Obama enjoyed the same 2-1 margin in Nebraska. The Omaha World Herald predicted he would receive 16 of the state's 24 delegates. Thousands more voters than expected turned out, and school gyms were filled to overflowing with caucus attendees. Traffic jams were common near caucus sites.
In Louisiana, Obama won by 57 percent to 36 percent with all the votes counted. How many delegates Obama will receive won't be known till later this week; 37 of the state's 67 delegates are awarded based on the vote, according to the New Orleans Times-Picayune. The remainder are chosen by state party leaders.
Speculation abounded earlier Saturday that Huckabee might use his platform at the Conservative Political Action Conference in Washington to fall in behind McCain.
Mitt Romney, McCain's closest competitor, gave up his effort on Thursday in a speech to the same group. Romney suspended his campaign, which allows him to hold onto his delegates. Huckabee made clear he wasn't going to follow precedent. It was better to be "right and not win than to be wrong and be part of the crowd," he said.

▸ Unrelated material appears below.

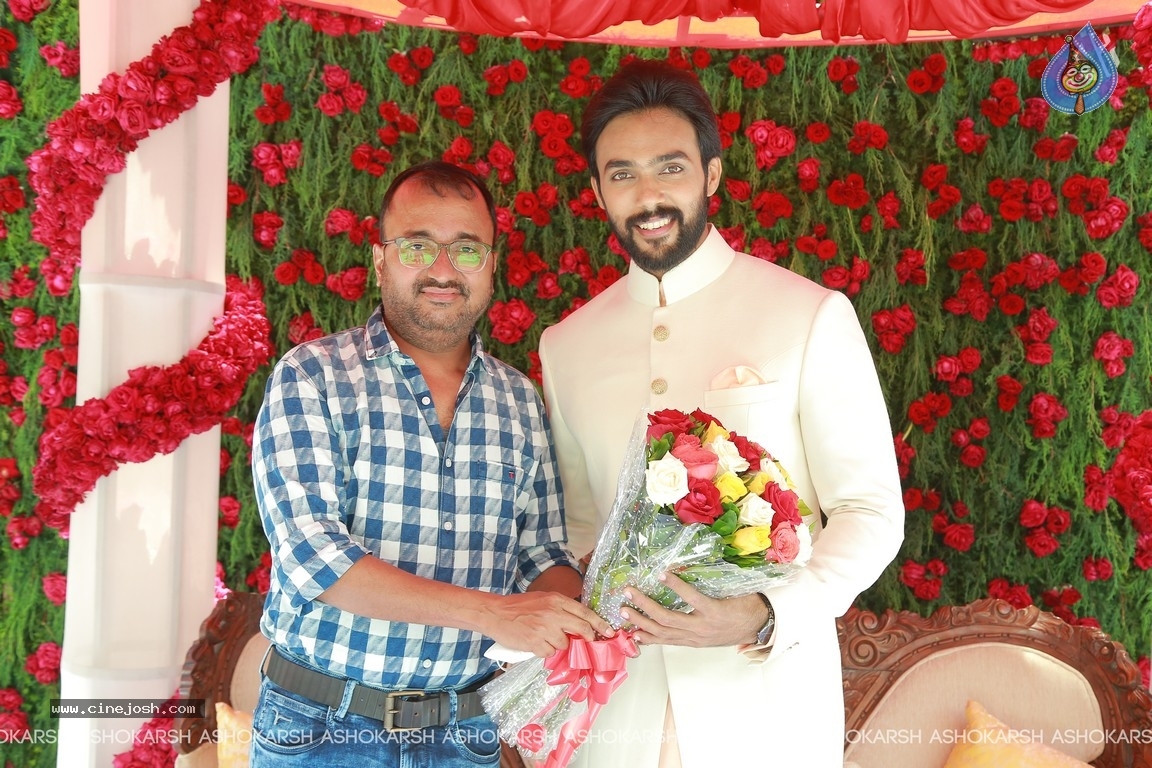 Arav - Raahei Wedding Reception - 11 / 22 photos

At the conference on Friday, President Bush offered an implicit endorsement of McCain and tried to shore up his conservative support. Without mentioning his former rival by name, Bush said the party's nominee would "carry a conservative banner."
Many conservatives have been long been skeptical of McCain's commitment because of his votes against tax cuts and banning same sex marriage, and his leadership on campaign finance reform.

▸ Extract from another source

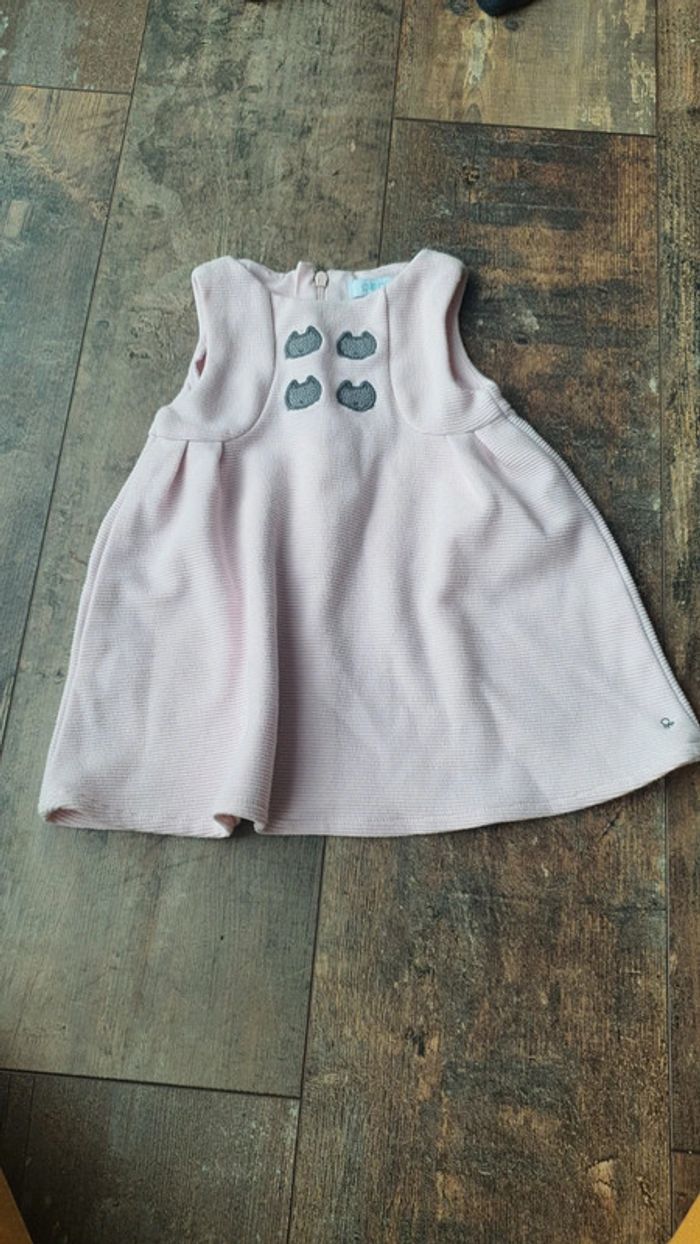 Robe Obaïbi 12 mois en très bon état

Huckabee and Ron Paul are now his only remaining challengers and the convention math to overtake McCain is daunting.
Still, the ordained Southern Baptist minister told his audience, "Folks, I didn't major in math, I majored in miracles and I still believe in miracles."

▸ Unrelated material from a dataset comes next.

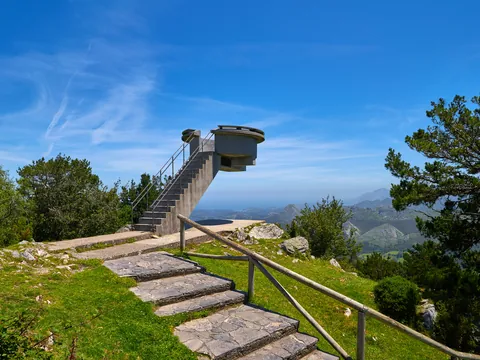 Plataforma del Mirador del Fitu con escaleras hacia vistas de montaña y mar de Asturias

His speech was a mix of folksy scripture, inspirational anecdotes about his hardscrabble upbringing and red meat Republican dogma. Securing America's borders, attacking international treaties and trashing the Internal Revenue Service all triggered loud bursts of applause.
Huckabee said he was not trying to be "a fly in the ointment" by remaining in the race. But with nearly two dozen Republican contests still on the calendar, he said voters in those states deserve an election, not "a coronation."
He told reporters afterward that no one from the party has urged him to close ranks behind McCain. Moreover, he said he was encouraged because in just 24 hours this past week, he raised more than $250,000 over the Internet, his campaign's best effort.
But a big test of Huckabee's ability to slow McCain's march will come Tuesday in Virginia, which has a significant share of social conservative voters. He swept several southern states on Super Tuesday.
He'll need a lot of voters like Jill Sizelove, a 32-year-old event planner from Virginia, who was carrying a Huckabee banner at his speech.
"He really spoke to my heart, his passion and his honesty," she said. "He unabashedly was standing for families and the right to life."